Dans le détail, l’INSG projette une croissance de la production à 4,08 millions de tonnes en 2026, malgré les mesures de réduction de quotas d’extraction en Indonésie, premier producteur mondial de nickel. La même année, la consommation mondiale devrait, indique-t-elle, s’afficher à 3,8 millions de tonnes. De quoi générer un nouvel excédent, la quatrième année consécutive, depuis 2023, selon le document. Ces conclusions s’alignent avec celles faites la semaine dernière par le groupe minier japonais Sumitomo Metal Mining. Ce dernier, cité par Reuters, anticipe de son côté un excédent de 256 000 tonnes en 2026.
C’est dans ce contexte que First Quantum Minerals poursuit notamment en Zambie la montée en régime de sa mine Enterprise, entrée en production commerciale en juin 2024. La société y anticipe une production pouvant aller jusqu’à 25 000 tonnes en 2025. Dans le même temps, le canadien Ivanhoe Mines prépare d’ici fin 2025 la mise en service de son projet Platreef en Afrique du Sud, une future mine qui compte le nickel parmi ses principaux produits, en dehors notamment des métaux du groupe de platine (PGM).
De son côté, Lifezone Metals fait avancer en Tanzanie le projet Kabanga, un actif capable de produire annuellement 50 000 tonnes de nickel pendant 18 ans.
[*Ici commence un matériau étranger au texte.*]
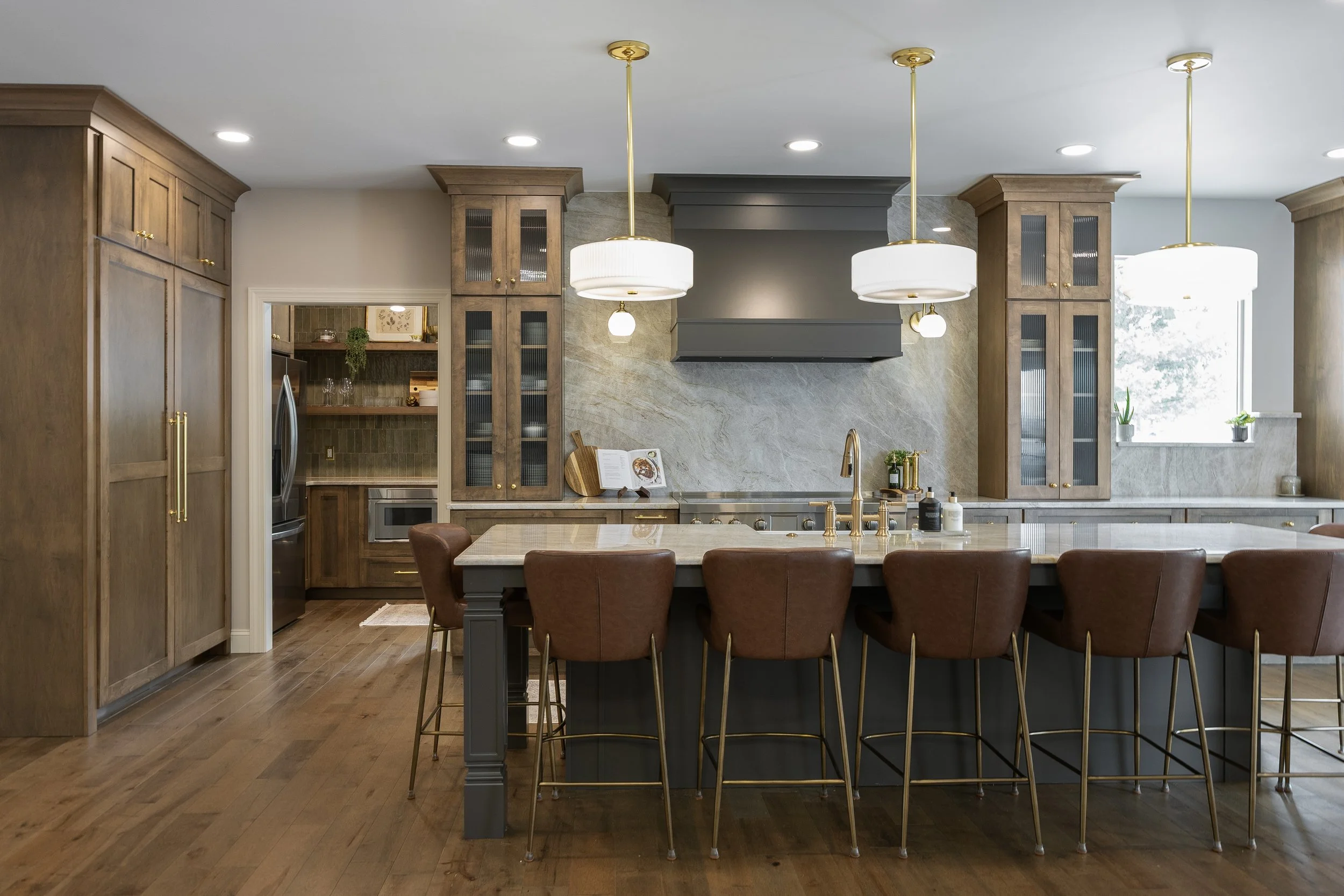 0203 140 Glyn Carin Ln-37.jpg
Si la date de mise en production n’est pas encore connue, la société vise la décision finale d’investissement pour mi-2026, en vue du lancement de la construction. Des développements qui s’inscrivent globalement dans un contexte général de baisse du marché du nickel, alimentée par une offre en forte progression ces dernières années et une demande relativement modérée du secteur des batteries.
Dimanche 12 octobre, le métal se négociait à environ 15 200 USD la tonne sur la bourse des métaux de Londres, en baisse de 50 % par rapport aux 31 000 USD enregistrés fin 2022. Une tendance qui a déjà incité plusieurs opérateurs à suspendre leurs opérations de nickel, en l’occurrence BHP (Western Australia nickel).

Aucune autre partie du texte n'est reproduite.